_Required action_
In the records below, find the line that holds "Bộ trưởng Bộ". Restate it and every later line exactly, stopping at the end and skipping pictures.

_Available data_
#####

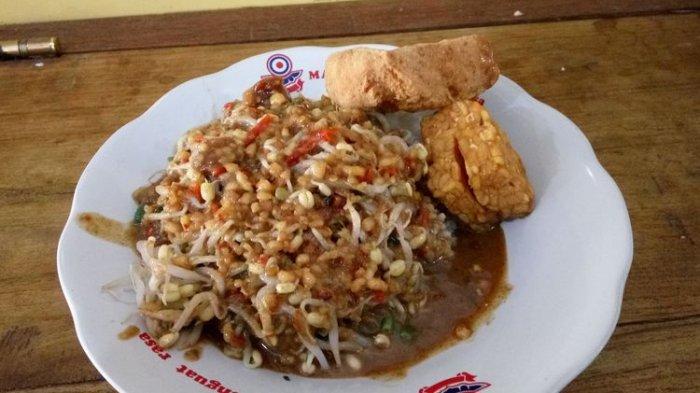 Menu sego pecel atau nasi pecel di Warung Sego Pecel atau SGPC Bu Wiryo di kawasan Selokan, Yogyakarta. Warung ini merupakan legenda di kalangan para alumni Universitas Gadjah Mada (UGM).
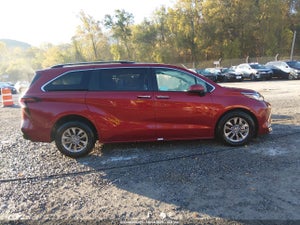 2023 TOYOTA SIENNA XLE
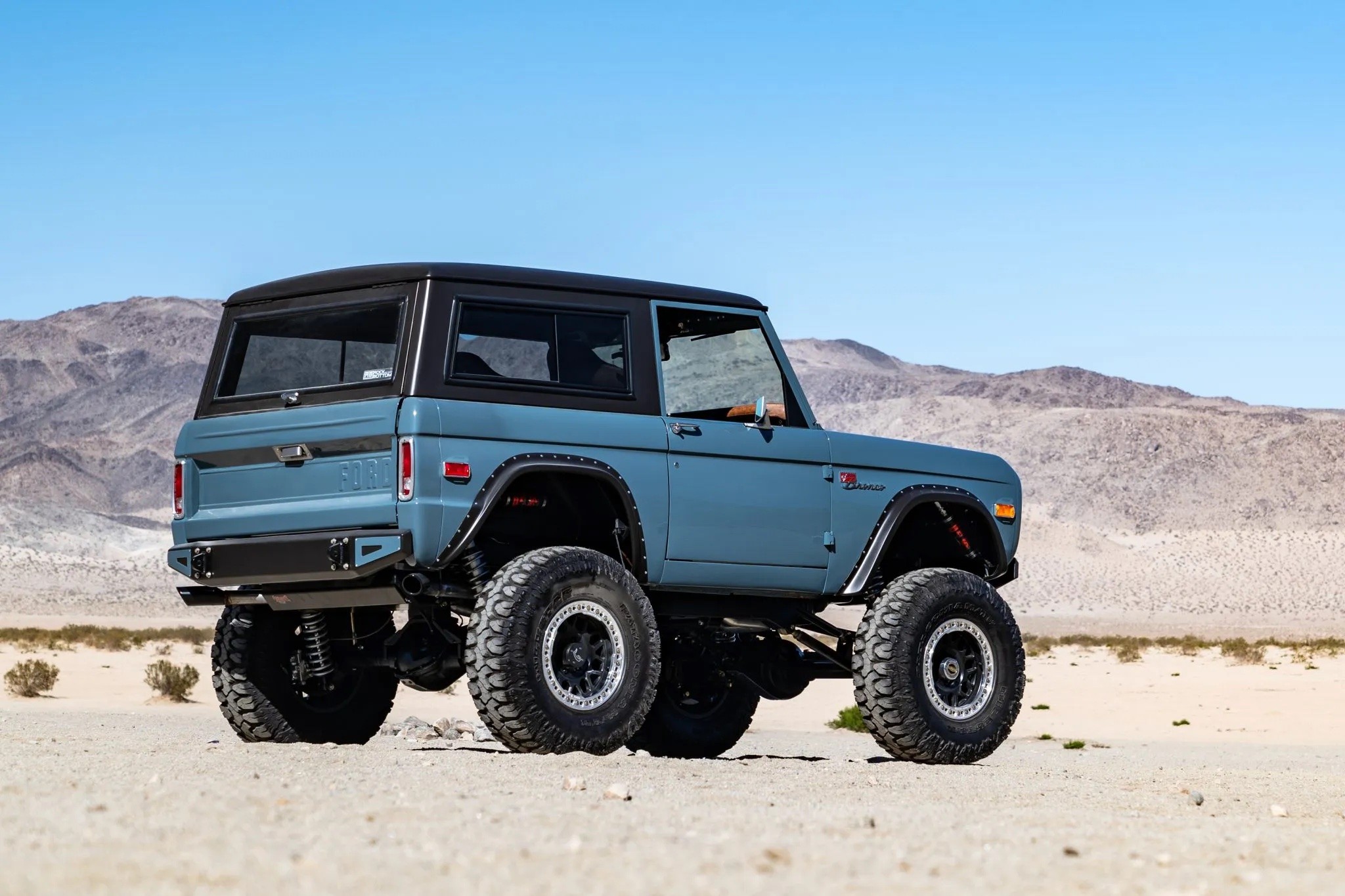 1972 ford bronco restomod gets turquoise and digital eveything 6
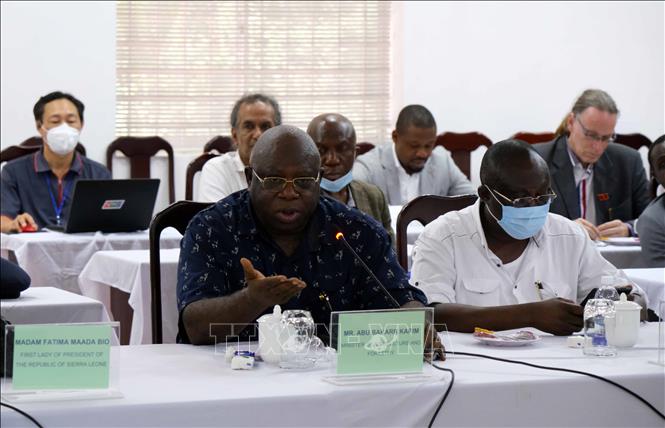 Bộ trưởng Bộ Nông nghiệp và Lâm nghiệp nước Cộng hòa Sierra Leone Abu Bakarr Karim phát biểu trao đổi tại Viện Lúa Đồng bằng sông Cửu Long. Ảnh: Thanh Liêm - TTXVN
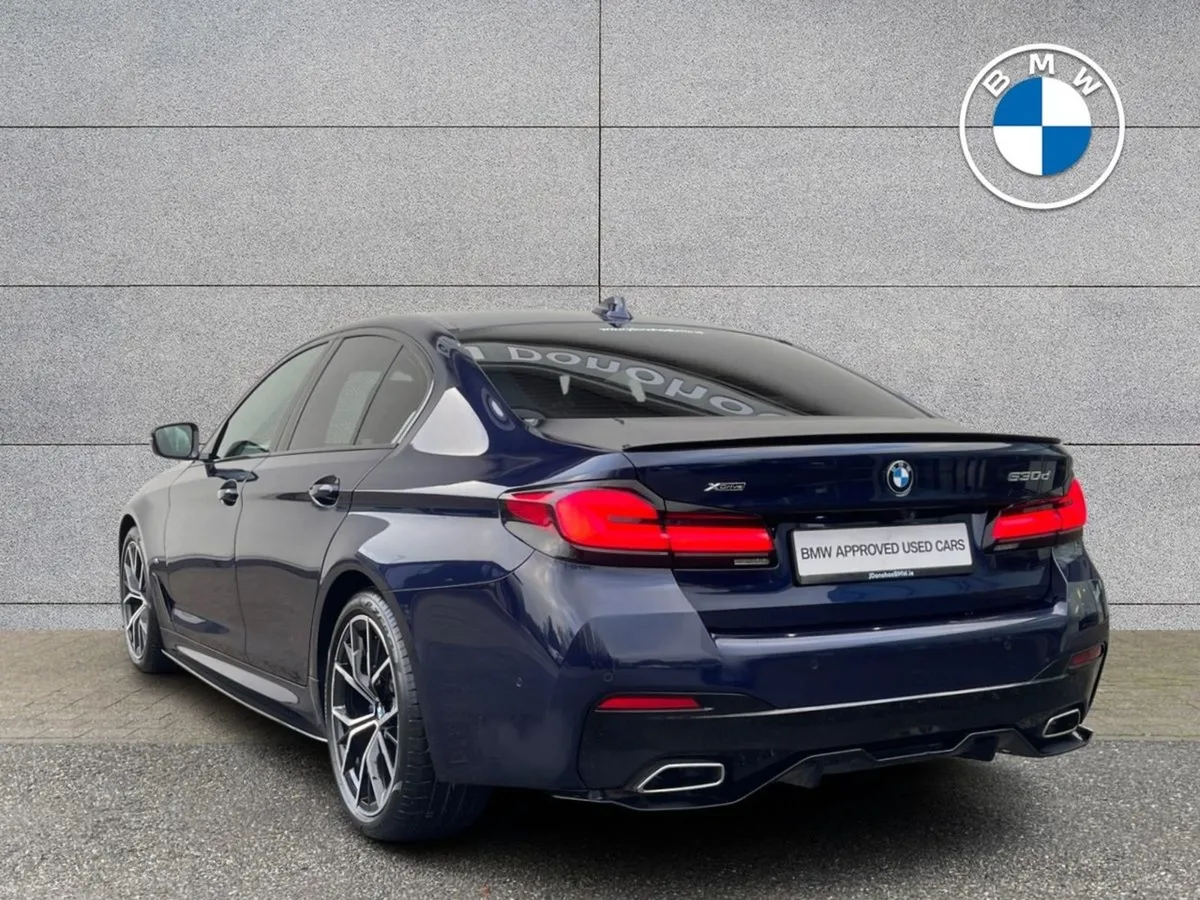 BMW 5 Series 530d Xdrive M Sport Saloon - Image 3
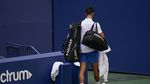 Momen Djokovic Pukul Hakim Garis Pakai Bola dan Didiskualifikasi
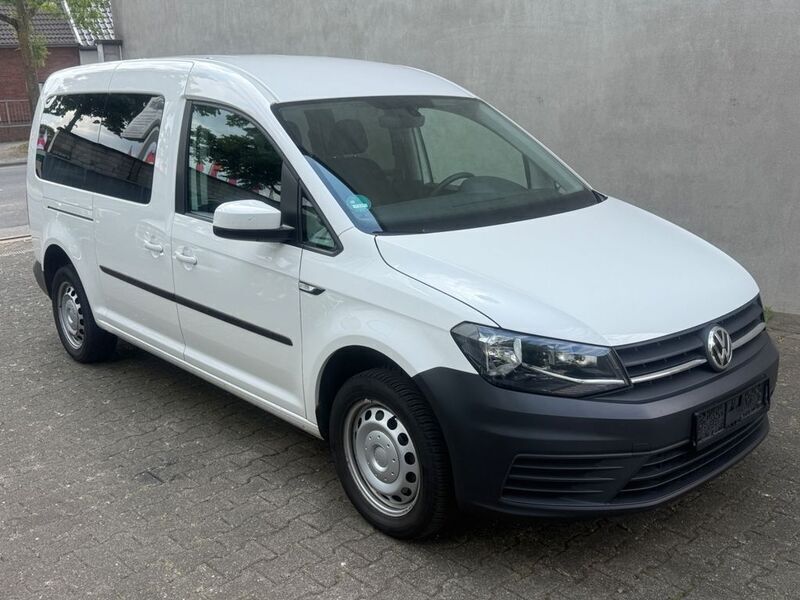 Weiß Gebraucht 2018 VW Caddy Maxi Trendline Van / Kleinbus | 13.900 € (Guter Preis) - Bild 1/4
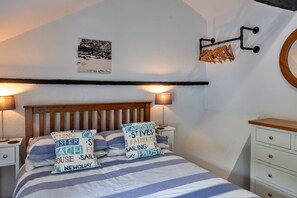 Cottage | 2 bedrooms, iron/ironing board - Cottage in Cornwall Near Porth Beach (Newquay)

#####

_Solution_
 Bộ trưởng Bộ Nông nghiệp và Lâm nghiệp nước Cộng hòa Sierra Leone Abu Bakarr Karim phát biểu trao đổi tại Viện Lúa Đồng bằng sông Cửu Long. Ảnh: Thanh Liêm - TTXVN
 BMW 5 Series 530d Xdrive M Sport Saloon - Image 3
 Momen Djokovic Pukul Hakim Garis Pakai Bola dan Didiskualifikasi
 Weiß Gebraucht 2018 VW Caddy Maxi Trendline Van / Kleinbus | 13.900 € (Guter Preis) - Bild 1/4
 Cottage | 2 bedrooms, iron/ironing board - Cottage in Cornwall Near Porth Beach (Newquay)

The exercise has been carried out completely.